Fortunately for our current Members, our Founding Chairman, Walter Bauer CEO of Informatics General, had been a member of TEC (The Executive Committee, now Vistage). And, while he appreciated the value of hearing about the “general business” issues faced by CEOs in other industries, he noticed that his fellow members’ eyes glazed over when he spoke about many of the challenges he faced running his software technology company. So, in 1983, Walt proposed three requirements to our founding professional facilitators: 1) each Round Table would be composed of only technology CEO Members – or individuals running corporate tech divisions; 2) the sessions would only last half a day (many groups require full-day meetings); and 3) cut the price in half (ABL Membership has typically been less than half the investment of other CEO groups).
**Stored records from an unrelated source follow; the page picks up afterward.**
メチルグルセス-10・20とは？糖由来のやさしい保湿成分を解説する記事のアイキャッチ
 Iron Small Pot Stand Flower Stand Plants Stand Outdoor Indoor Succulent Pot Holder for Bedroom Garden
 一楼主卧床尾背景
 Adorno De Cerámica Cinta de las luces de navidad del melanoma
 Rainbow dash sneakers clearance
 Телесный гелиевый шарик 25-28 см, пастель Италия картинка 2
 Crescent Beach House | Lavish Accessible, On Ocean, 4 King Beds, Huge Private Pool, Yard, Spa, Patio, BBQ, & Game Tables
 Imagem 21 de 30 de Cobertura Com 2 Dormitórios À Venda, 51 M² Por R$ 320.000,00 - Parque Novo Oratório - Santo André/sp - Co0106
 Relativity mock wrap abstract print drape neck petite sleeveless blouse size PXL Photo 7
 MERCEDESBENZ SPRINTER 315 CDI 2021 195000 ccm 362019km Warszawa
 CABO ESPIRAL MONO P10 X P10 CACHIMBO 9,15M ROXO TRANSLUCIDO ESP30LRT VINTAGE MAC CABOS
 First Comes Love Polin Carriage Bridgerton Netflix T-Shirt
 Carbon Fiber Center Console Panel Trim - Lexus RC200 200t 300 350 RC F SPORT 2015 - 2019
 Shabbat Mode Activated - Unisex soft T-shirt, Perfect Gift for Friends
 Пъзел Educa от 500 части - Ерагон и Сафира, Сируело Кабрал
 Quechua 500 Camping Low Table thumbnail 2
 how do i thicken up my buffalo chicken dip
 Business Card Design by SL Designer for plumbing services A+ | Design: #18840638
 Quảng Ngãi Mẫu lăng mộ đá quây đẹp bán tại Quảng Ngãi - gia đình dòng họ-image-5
Six years later, in 1989, we applied the same criteria in the formation of our first Healthcare Round Table – and have for all of our industry-focused Round Tables ever since.
ABL’s current Technology Chair, Dave Berkus, who’s been an active ABL Member since 1988, posted that he finds the greatest value in ABL, in “the constant hearing of stories by these CEOs of how they were able to adapt to changes in their environment and alter the course of their leadership, adapting to external influences that had changed in their industry or the economy.”
Unquestionably, these stories are all the more meaningful because they’re from fellow Technology CEOs, who reside in a similar tech-focused environment. And, the same is true for our Healthcare Members as well.